Primaquine, an 8-aminoquinoline derivative, is a synthetic antimalarial agent. Its chemical formula is (R,S)-N4-
(6-Methoxy-8-quinolinyl)-1,4-pentanediamine diphosphate. Its molecular formula is C15H21N3O.2H3PO4.

COMPOSITION

Malirid
Each tablet contains:
Primaquine Sulphate IP …7.5 mg

Malirid-DS
Each tablet contains:
Primaquine Sulphate IP …15 mg

PHARMACOLOGY

An 8-aminoquinoline, primaquine is structurally similar to the 4-aminoquinolines but possesses markedly

different antimalarial activities.

Primaquine is a tissue schizonticidal agent and is active against the preerythrocytic and exoerythrocytic forms of
Plasmodium falciparum, P. malariae, P. ovale and P. vivax. Primaquine is also gametocytocidal against
plasmodia, especially the gametocytes of P. falciparum. Although primaquine has some activity against the
asexual erythrocytic forms of P. vivax, the drug is generally inactive against the erythrocytic forms of plasmodia.
Hence a blood schizonticidal agent, preferably chloroquine, is always given in conjunction with primaquine for
the treatment of P. ovale or P. vivax malaria.

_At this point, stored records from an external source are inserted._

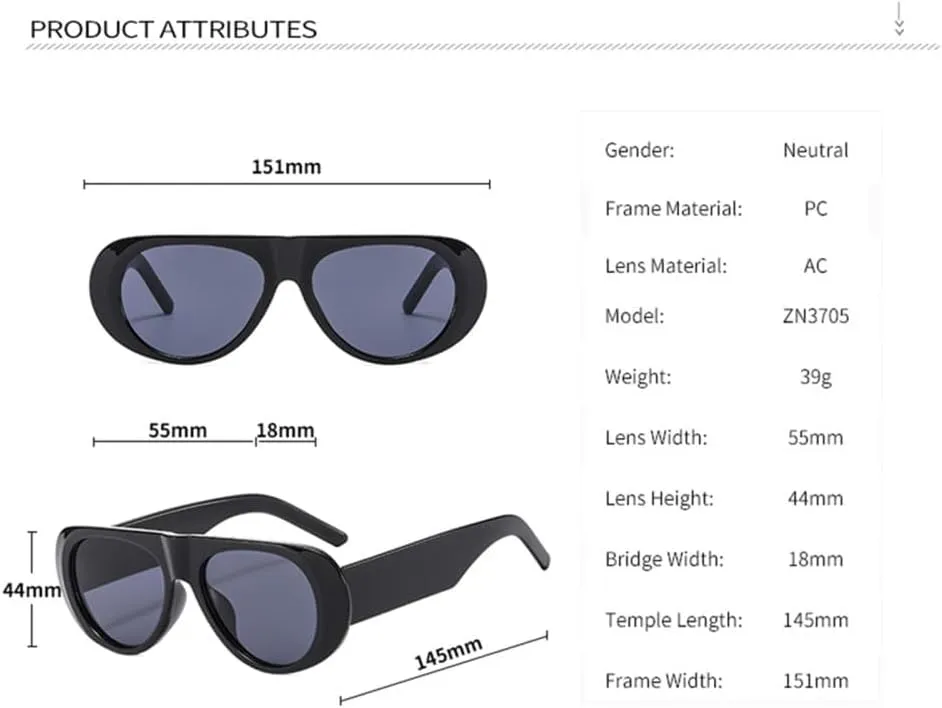 Retro Irregular Big Frame Women Sunglasses Tea Color Square Frame Shades UV400 Cool Men One Piece Sun Glasses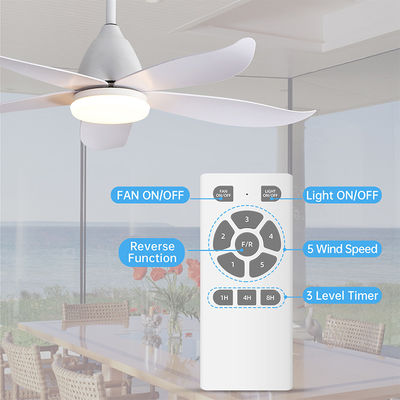 เตารีดแฟนซี 3000K 35W 5 โคมไฟพัดลมเพดาน ABS ขนาดใหญ่สไตล์ธรรมชาติ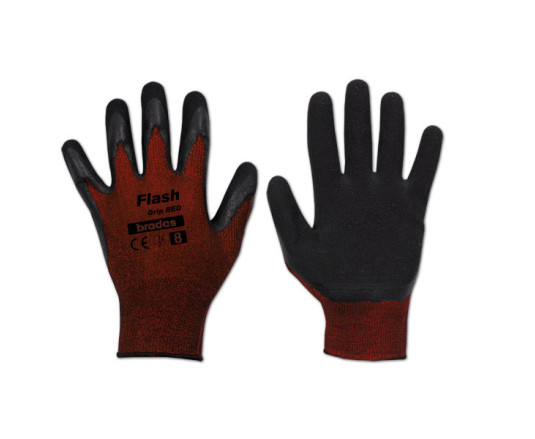 Перчатки защитные FLASH GRIP RED латекс, размер 7, RWFGRD7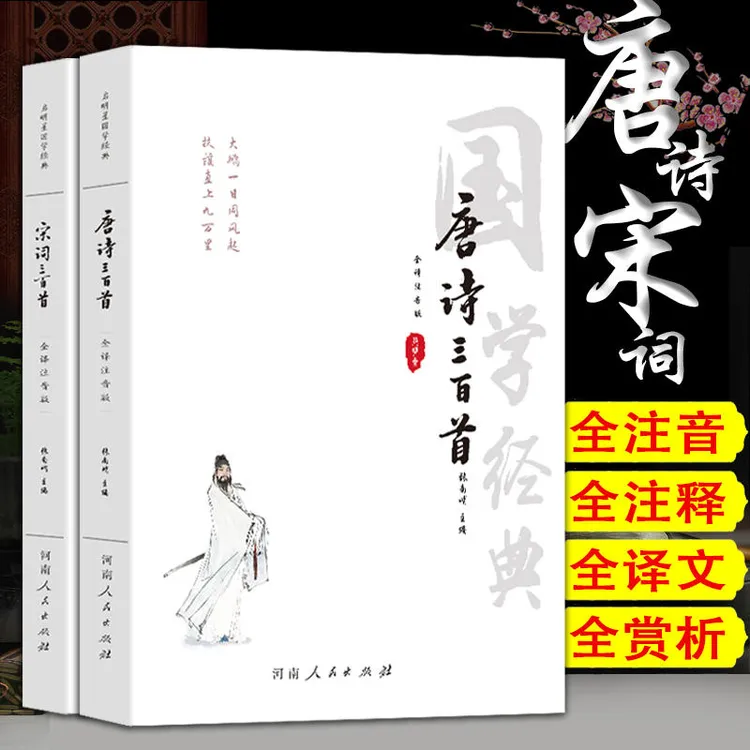 全注音大字版 唐诗三百首宋词三百首 唐诗宋词注释译文赏析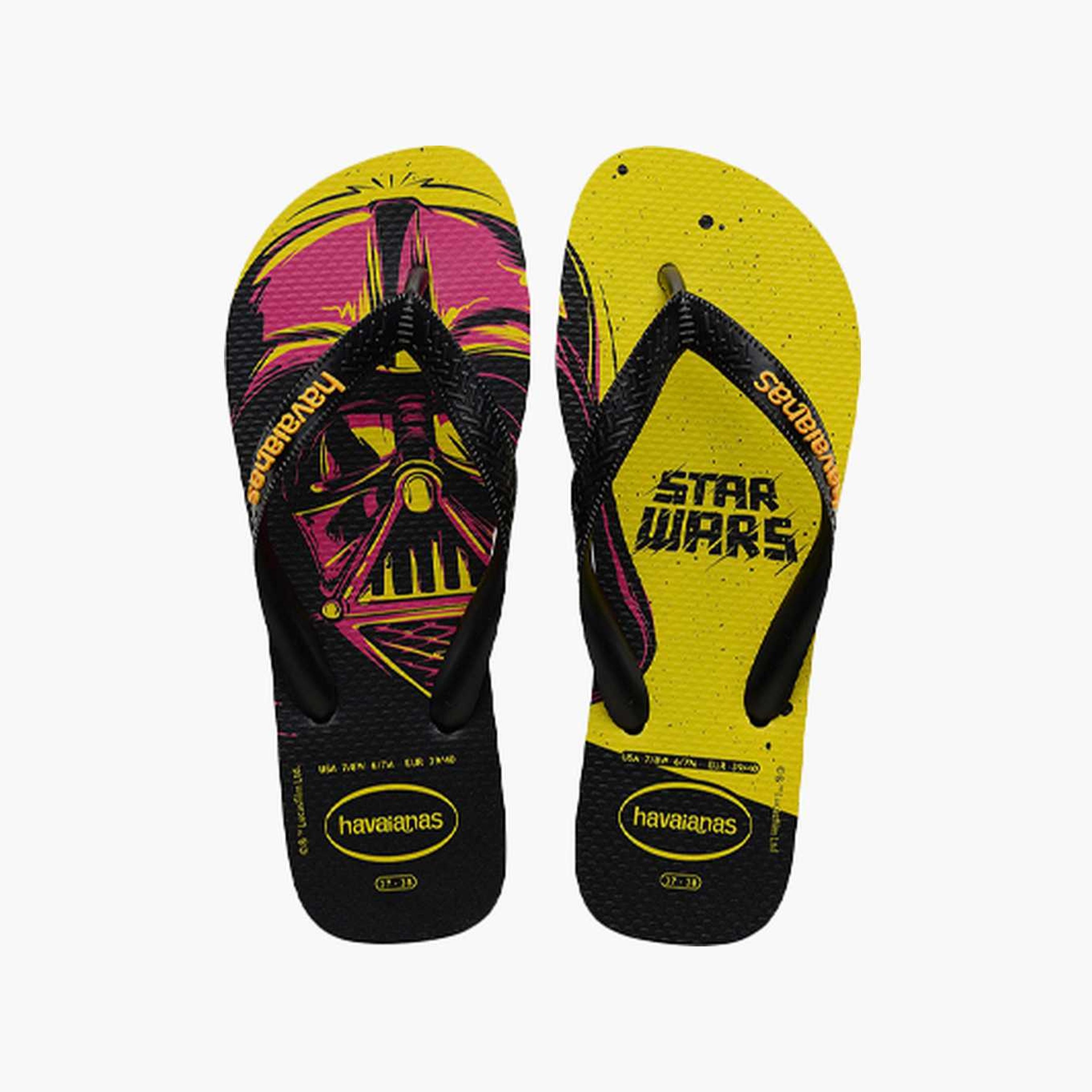 Havaianas Kids Slip-On Star Wars Thong Slippers | 4135185.2127-boys-shoes-flipflopsandslides-image-1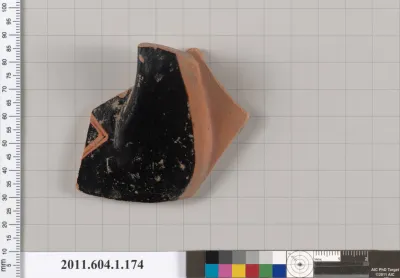 Terracotta fragment of a kylix (drinking cup)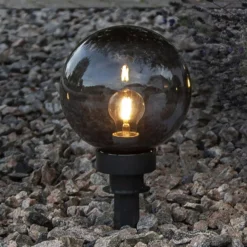 Außen-Dekorationskugel Orby in schwarz, Ø 20 cm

The exact mechanism of antimalarial activity of primaquine has not been determined, but the drug appears to
interfere with the function of plasmodial DNA.

Primaquine may disrupt the parasite's mitochondria and bind to native DNA. The resulting structural changes
create a major disruption in the metabolic process. The gametocyte and exoerythrocyte forms are inhibited.
Some gametocytes are destroyed while others are rendered incapable of undergoing maturation division in the
mosquito gut. By eliminating tissue (exoerythocyte) infection, primaquine prevents development of blood
(erythrocytic) forms responsible for relapses in P. vivax malaria.

PHARMACOKINETICS

Primaquine is well absorbed from the GI tract. After oral administration, peak plasma concentrations of
primaquine are reached in 1 to 3 hours. Primaquine as compared to other antimalarials, is found in relatively
low concentrations in the tissues. Highest concentrations are in the liver, lungs, brain, heart and skeletal
muscle.

Primaquine is rapidly metabolized to a carboxylic acid derivative and then to further metabolites which have
varying degrees of activity. Approximately 1% is excreted unchanged in the urine.

Primaquine has a plasma half life of 3.7 - 9.6 hours in healthy adults.

INDICATIONS

Primaquine is recommended for the radical cure of P. vivax malaria, the prevention of relapse in P. vivax
malaria or following the termination of chloroquine phosphate suppressive therapy in an area where P. vivax
malaria is endemic.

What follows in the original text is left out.